US may ask media to adopt code on covering terrorism

Attorney General Edwin Meese III said Wednesday the US Justice Department may ask news organizations voluntarily to delay some reporting of terrorist incidents. The government may ask US newspapers and radio and TV stations to adopt a code of restraint during such incidents as the hijacking last month of a TWA jet, Mr. Meese said at a news conference in London, where he addressed the American Bar Association convention.

The hijacking by Shiite Muslim gunmen, which ended with the release of the remaining 39 hostages in Beirut, featured regular news conferences and interviews arranged by the captors for television. There was widespread suggestion that the gunmen, who killed one passenger, had scored a propaganda coup by exploiting TV.

Meese cited the British practice of sometimes asking news organizations not to publish details about a kidnapping or terrorist incident.
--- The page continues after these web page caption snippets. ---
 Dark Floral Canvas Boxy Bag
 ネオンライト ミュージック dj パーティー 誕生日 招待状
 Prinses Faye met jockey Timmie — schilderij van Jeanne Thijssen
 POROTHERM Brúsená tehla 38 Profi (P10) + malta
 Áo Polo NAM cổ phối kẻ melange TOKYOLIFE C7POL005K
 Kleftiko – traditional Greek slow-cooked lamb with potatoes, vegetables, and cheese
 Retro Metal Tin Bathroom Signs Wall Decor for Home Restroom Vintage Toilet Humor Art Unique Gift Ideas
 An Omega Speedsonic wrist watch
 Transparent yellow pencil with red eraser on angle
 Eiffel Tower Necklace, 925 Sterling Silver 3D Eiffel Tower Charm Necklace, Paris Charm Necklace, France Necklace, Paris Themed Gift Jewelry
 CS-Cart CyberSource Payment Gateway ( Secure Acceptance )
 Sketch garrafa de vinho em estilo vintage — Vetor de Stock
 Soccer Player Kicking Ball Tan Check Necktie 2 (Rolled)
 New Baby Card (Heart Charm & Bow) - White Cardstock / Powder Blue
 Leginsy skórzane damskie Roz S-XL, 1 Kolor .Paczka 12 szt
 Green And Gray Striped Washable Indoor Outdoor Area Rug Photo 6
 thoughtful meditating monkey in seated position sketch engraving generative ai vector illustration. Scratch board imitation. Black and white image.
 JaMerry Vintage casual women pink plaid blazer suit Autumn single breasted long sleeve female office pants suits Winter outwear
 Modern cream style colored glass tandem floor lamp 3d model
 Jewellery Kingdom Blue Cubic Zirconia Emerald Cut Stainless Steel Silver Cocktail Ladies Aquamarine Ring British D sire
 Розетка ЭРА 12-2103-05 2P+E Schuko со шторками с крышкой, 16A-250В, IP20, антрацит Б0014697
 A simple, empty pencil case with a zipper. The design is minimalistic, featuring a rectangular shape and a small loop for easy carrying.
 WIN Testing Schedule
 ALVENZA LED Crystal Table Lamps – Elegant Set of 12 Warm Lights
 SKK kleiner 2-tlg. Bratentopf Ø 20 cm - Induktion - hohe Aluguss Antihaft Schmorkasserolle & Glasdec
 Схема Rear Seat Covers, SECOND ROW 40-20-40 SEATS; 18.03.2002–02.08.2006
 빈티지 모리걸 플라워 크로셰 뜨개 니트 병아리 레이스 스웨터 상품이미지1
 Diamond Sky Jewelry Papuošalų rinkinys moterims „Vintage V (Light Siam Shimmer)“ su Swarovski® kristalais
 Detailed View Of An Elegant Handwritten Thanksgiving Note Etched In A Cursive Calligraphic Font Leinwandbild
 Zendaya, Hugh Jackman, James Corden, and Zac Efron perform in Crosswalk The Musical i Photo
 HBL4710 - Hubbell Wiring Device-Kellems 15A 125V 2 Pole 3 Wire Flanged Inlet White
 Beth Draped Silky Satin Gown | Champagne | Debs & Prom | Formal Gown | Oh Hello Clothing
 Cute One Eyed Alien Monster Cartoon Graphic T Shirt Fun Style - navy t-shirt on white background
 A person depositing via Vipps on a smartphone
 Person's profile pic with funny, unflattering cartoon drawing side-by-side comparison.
US newspapers and television might be asked to ``withhold some interviews that might endanger the captives . . . or endanger the successful conclusion of the incident,'' he said.

Meese cited the 1978 siege of the Iranian Embassy in London -- which ended when British Army commandos stormed the building -- as an example of good media-police cooperation. ``The press was very careful not to do things that interfered with police operations. In return, the police gave them full information, which they were able to use later on,'' he said.